For years, the East African Crude Oil Pipeline (EACOP) project was marketed as a transformative infrastructure endeavor for Uganda and Tanzania. It promised jobs, revenue, and a new chapter for energy development on the continent. But now, the sheen of progress is being marred by a rising chorus of environmental and human rights concerns — loud enough that some of Total Energies’ investors are pulling the plug on their faith, and their funds.
At the heart of the uproar is a $15 billion pipeline stretching 1,443 kilometers from Uganda’s oilfields in Hoima to the Tanzanian port of Tanga. Total Energies, one of the world’s largest energy companies, holds the lion’s share in the EACOP consortium. But recent developments have turned this oil dream into a public relations nightmare.
On May 22, 2025, Germany’s Union Investment, a major European asset manager, made headlines by dropping TotalEnergies from its sustainability funds. The reason? Allegations of human rights violations tied to the construction and planning of the pipeline. Union Investment also demanded an independent audit into the social and environmental impacts of EACOP, citing a lack of transparency and accountability by the French energy giant.

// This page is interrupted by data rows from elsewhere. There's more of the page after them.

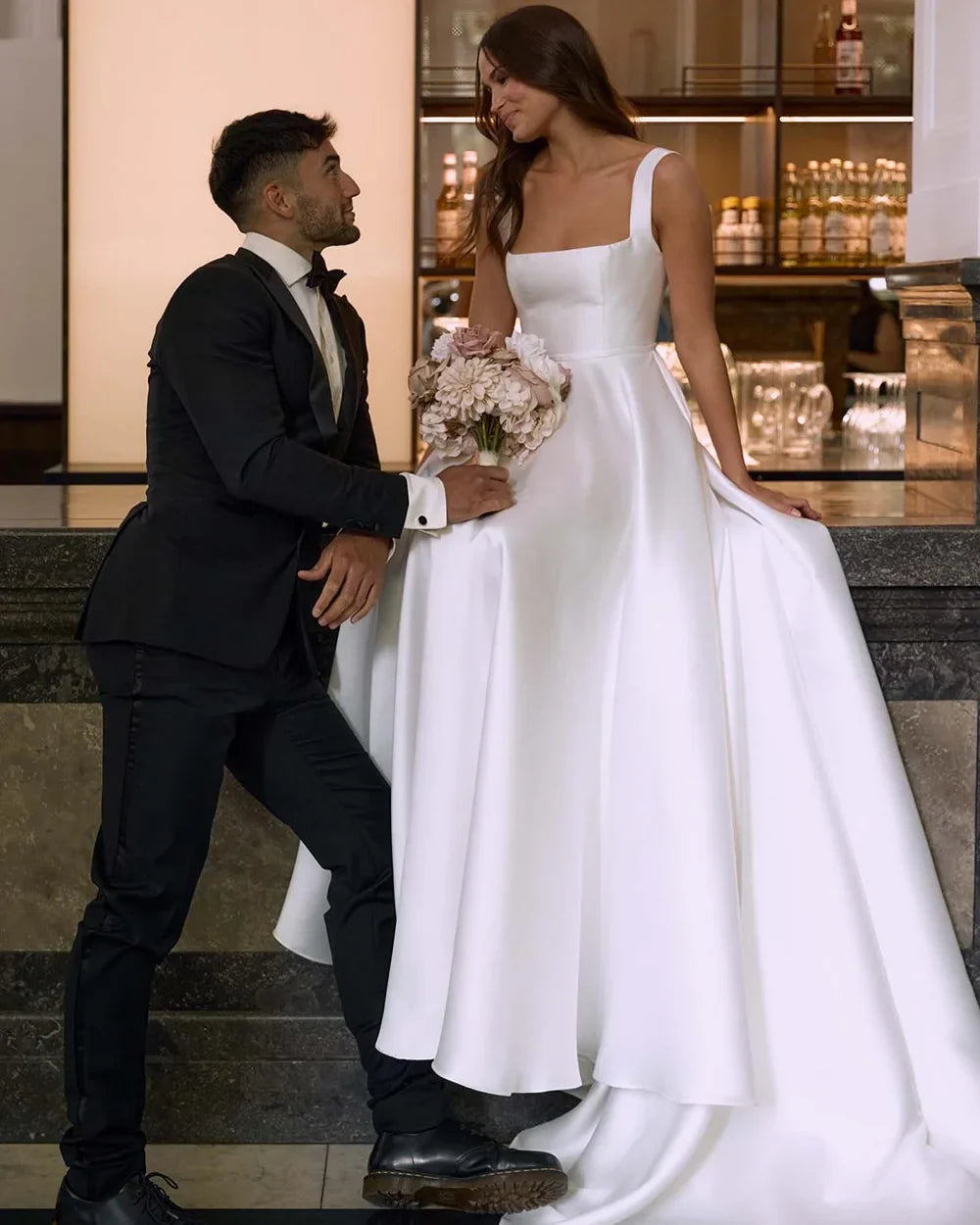 Satin Wedding Dresses For Bride Backless A-line Buttons Luxury Brides Gown Long Train Evening Bridal Dress Customized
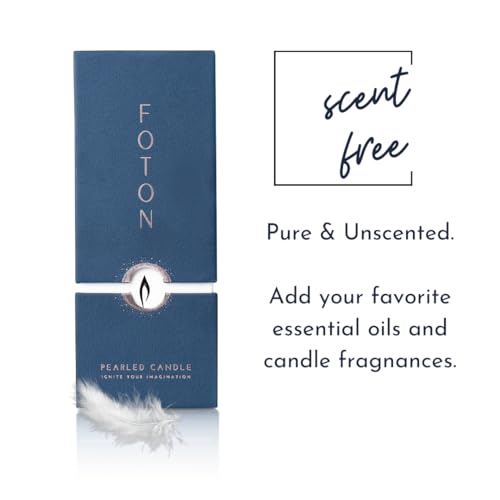 Foton Pearled Candle 18 Oz - Unscented Non Toxic Luxury Long Lasting Powder Candles - Lasts up to 120 Hours - Refillable Candle Sand with 30 Wicks for Candle Making - Image 3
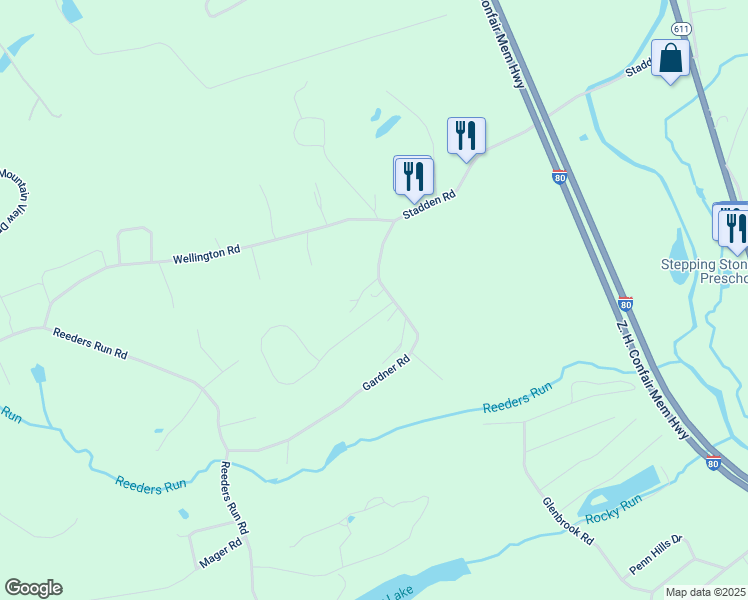 map of restaurants, bars, coffee shops, grocery stores, and more near Lilac Lane in Stroudsburg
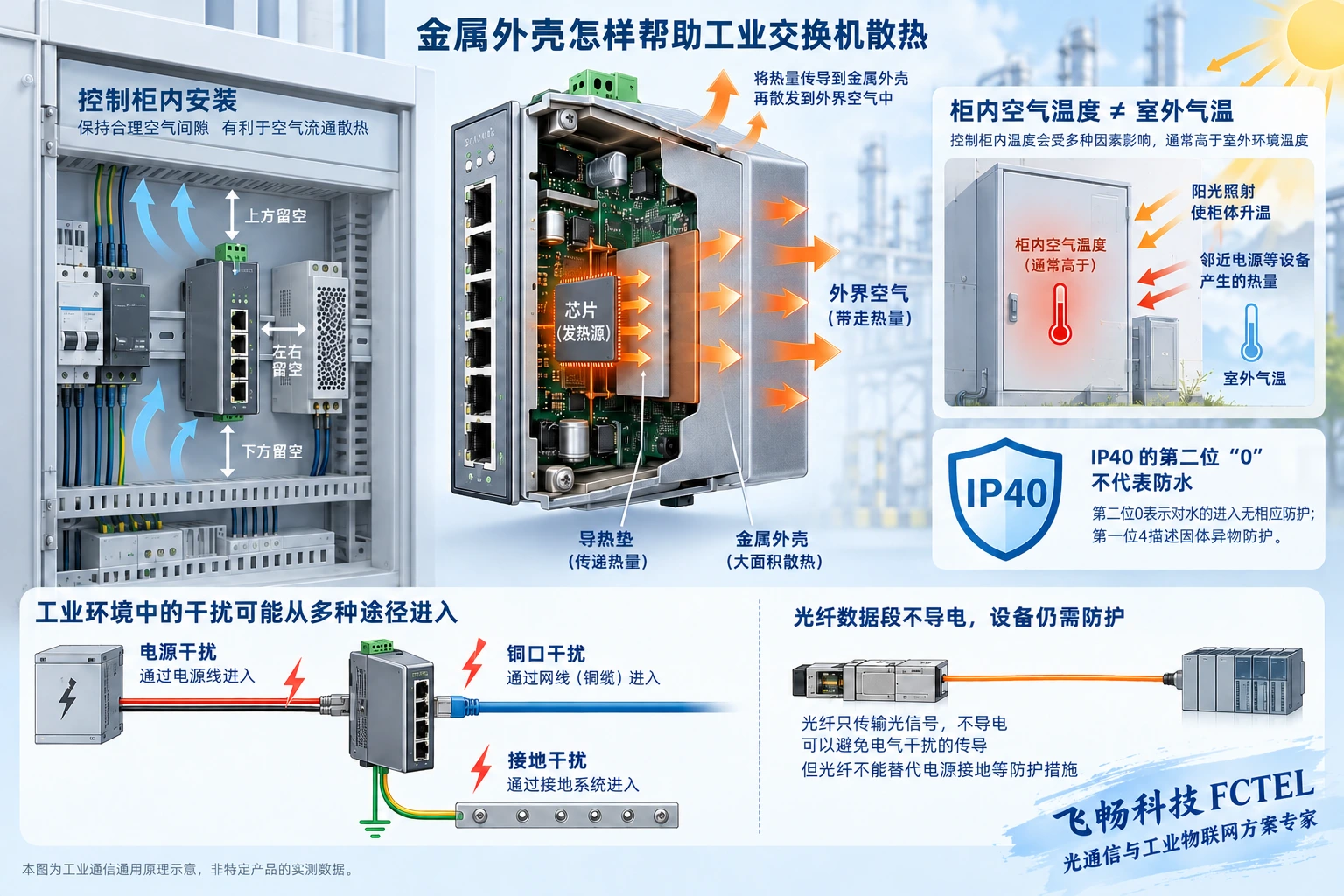 交换芯片的热量经导热垫传到金属外壳和空气，并展示控制柜升温及电源铜口可能引入的干扰路径
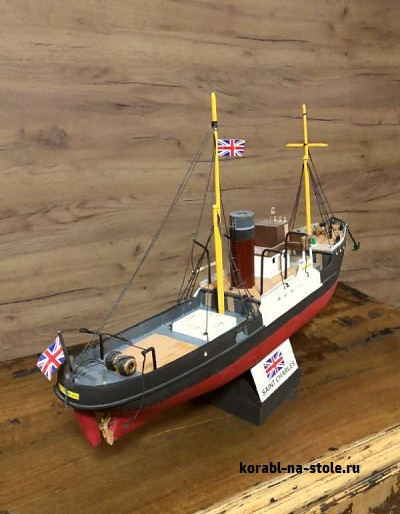 Чертёж модели Пароходного буксира Сент-Чарльз / Steam Tugboat Saint Charles (1920) для сборки и историческая справка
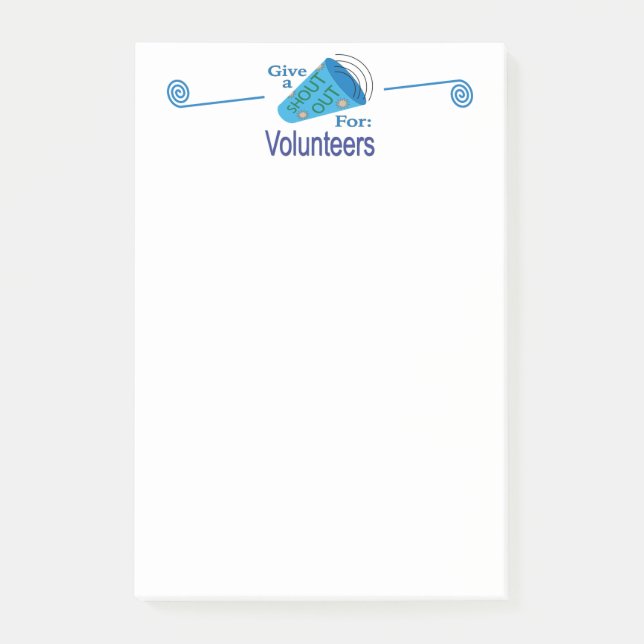 Shout Out for Volunteers Post-it Notes (Front)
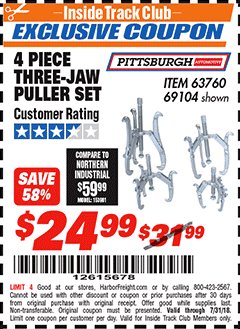 Harbor Freight ITC Coupon THREE-JAW PULLER 4 PIECE SET Lot No. 63760/69104 Expired: 7/31/18 - $24.99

Their decision was not made in a vacuum. For years, civil society organizations and environmental watchdogs — including Friends of the Earth and 350.org — have criticized EACOP’s potential to displace communities, pollute sensitive ecosystems, and lock African economies into fossil fuel dependency. Recent reports claim that up to 100,000 people have been affected by land acquisitions tied to the project, many allegedly forced off their land with inadequate compensation or none at all.
Activists point to evidence of violence and intimidation against those resisting displacement. One woman from a village in Uganda’s Albertine region told a local journalist she was threatened for refusing to sign over her land. “They came with local officials and said I must agree, or the government would take it anyway,” she said. Similar testimonies are piling up.
Meanwhile, TotalEnergies has defended its involvement, stating that the company is committed to responsible development. In press releases, the firm emphasizes its compliance with environmental and human rights standards, highlighting community development projects and environmental safeguards. “We are confident that EACOP will contribute to the sustainable development of the region,” a spokesperson said.
But sustainability is not just a matter of paperwork and public relations. As global attention turns increasingly toward climate commitments and ESG (environmental, social, and governance) investing, firms like TotalEnergies are finding themselves under scrutiny not only from environmentalists but also from shareholders with ethical mandates.
Union Investment’s decision may not hit TotalEnergies’ bottom line immediately, but it sends a potent signal. When capital starts fleeing a project tagged as “dirty” or “abusive,” it can trigger a chain reaction. Other European institutional investors are reportedly reassessing their positions. The reputational cost could rise even faster than the price of oil.
Moreover, the backlash comes at a sensitive time. COP29 is just months away, and pressure is mounting on both developed and developing nations to decarbonize. In this context, a massive oil pipeline — no matter how technically advanced — looks increasingly anachronistic. Critics argue that Africa’s energy future should lie in renewables, not in projects that risk turning the continent into a sacrifice zone for fossil fuel interests.
Uganda and Tanzania, however, are banking on EACOP as a catalyst for economic growth. Government officials argue that their countries have the right to exploit natural resources, just as industrialized nations have for decades. Ugandan President Yoweri Museveni has brushed off criticism as neocolonial and hypocritical, saying Western countries cannot deny Africa the development tools they themselves used.
It’s a complicated tug-of-war between development and environmental justice. But what’s becoming clearer is that the EACOP project sits at the fault line of competing visions for Africa’s future. One sees fossil fuels as a bridge to prosperity; the other sees them as shackles to a warming planet.
As TotalEnergies tries to keep its pipeline plans afloat, it now has to do more than drill through rock — it must drill through mounting global skepticism. Investors like Union Investment are making it clear: the age of accountability has arrived, and oil giants ignoring the writing on the wall may soon find themselves in freefall.